IBM is leading the way into the next phase of Autonomic Computing which leverages self-managing capabilities to provide operational intelligence from the data center to business leaders.

The new offerings give customers the ability to make better use of the intelligence that lies within their computing systems to benefit strategy and planning, analysis, deployment of resources, operations and maintenance while improving delivery of technology as a service. In this next phase, Autonomic Computing helps users drastically improve their management of energy consumption, assets and facilities, governance and risk, and finance and accounting.

These technologies and services support the original goals of Autonomic Computing to establish IT systems that regulate their own health and thereby support the business goals and policies of organizations.

In October 2001, IBM Research unveiled the IBM Autonomic Computing Manifesto to IT industry leaders and proposed a solution to the challenge of maintaining the increasingly complex computing environments that millions of businesses, billions of humans and trillions of devices rely on each day: build systems that regulate themselves much in the same way the autonomic nervous system regulates and protects human bodies.

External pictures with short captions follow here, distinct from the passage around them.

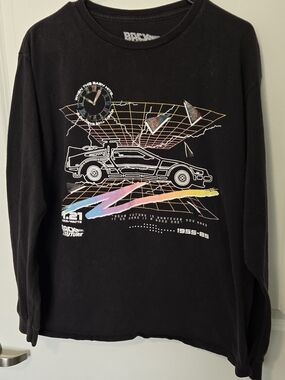 Back to the Future DeLorean Graphic Black Long Sleeve Tee Large, Clean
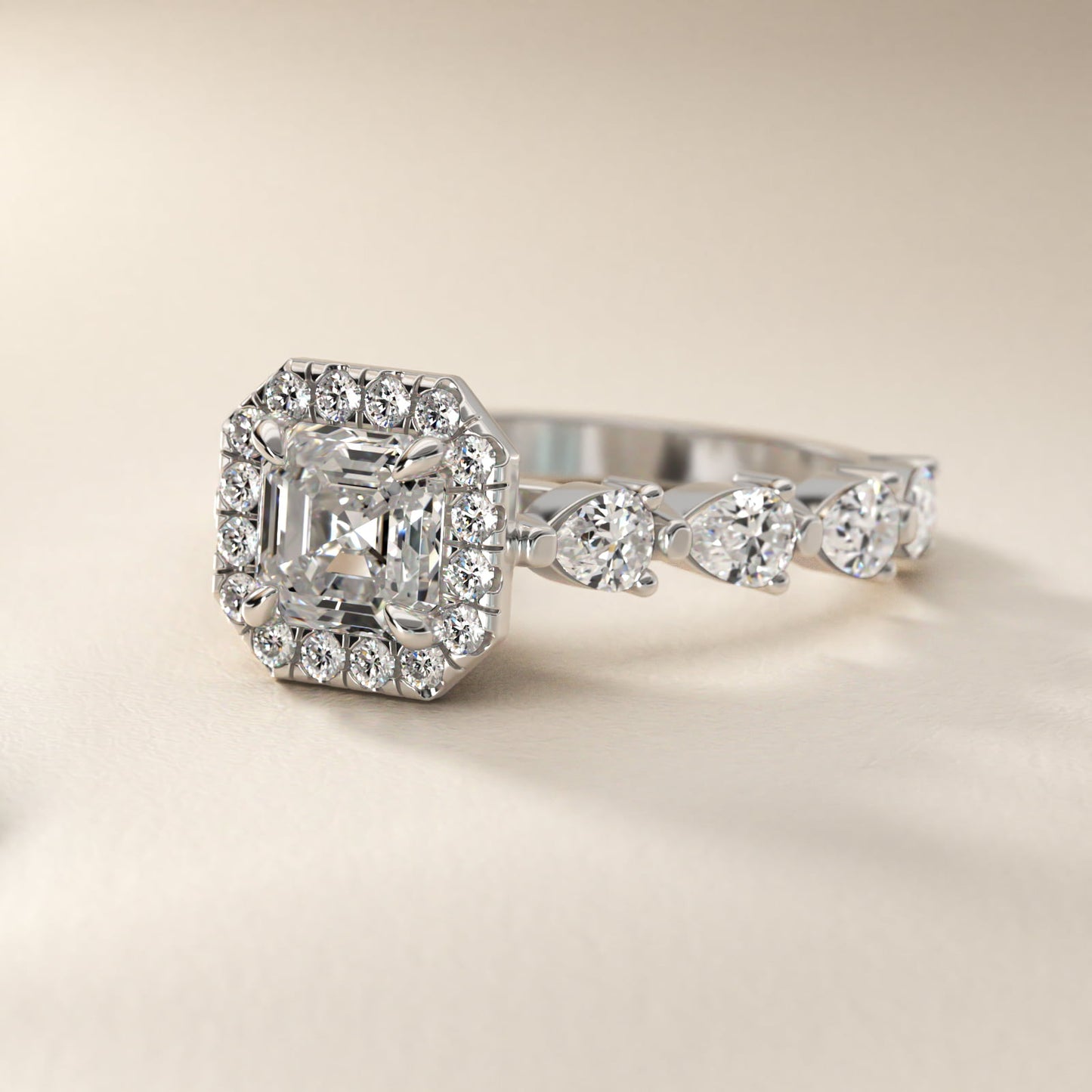 Fancy Pear Halo Engagement Ring in 14k White Gold - Asscher Center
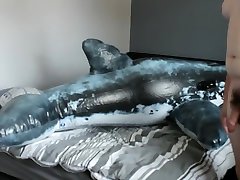 humping an intex inflatable realistic humpback whale ride-on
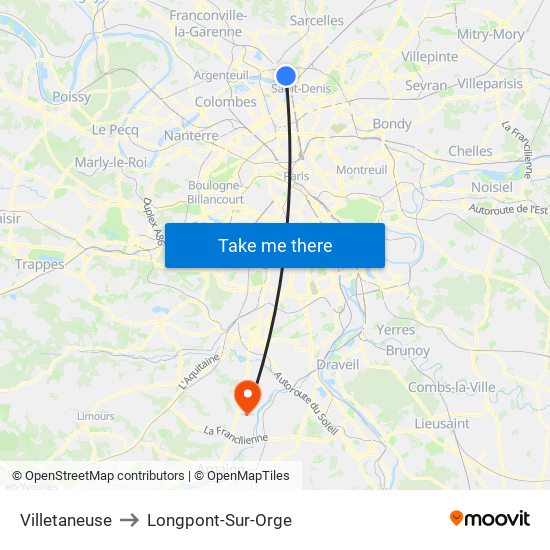 Villetaneuse to Longpont-Sur-Orge map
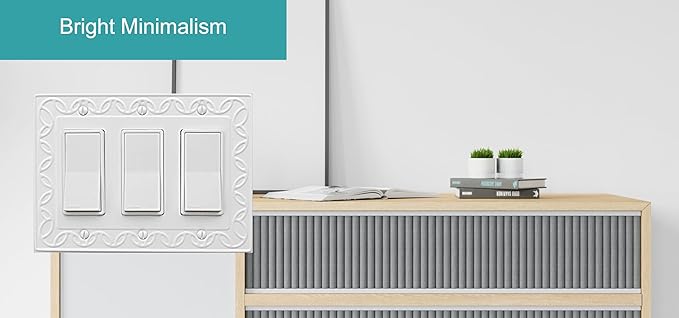 Triple Decorator Light Switch Cover NovaBloom Metal Wall Plate, 2-Pack White 3 Gang Triple Rocker, Receptacle Dimmer Switch Cover GFCI Outlet Decorative Wallplate, Durable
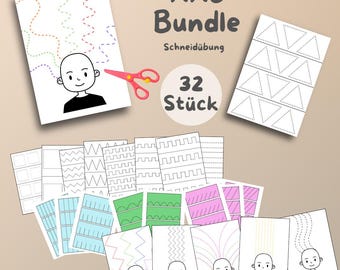 May include: An XXL bundle of 32 cutting practice sheets for kids. The sheets feature various dotted lines, shapes, and illustrations, including a cartoon head with dotted lines for hair and a pair of scissors.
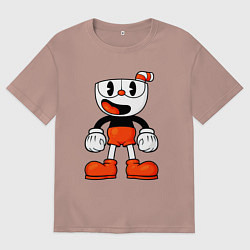 Футболка оверсайз мужская Cuphead красная чашечка, цвет: пыльно-розовый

"This was and remains a grand industry challenge that IBM issued to both itself as well as other IT companies," said Alan Ganek, vice president of Autonomic Computing and CTO of IBM Tivoli software. "The difficulty is not the machines themselves -- the industry has brilliantly exceeded goals for computer performance and speed. The challenge is to create the open standards and new technologies needed for systems to interact effectively, to enact predetermined business policies more effectively, and to be able to protect, heal and manage themselves with minimal dependence on human intervention."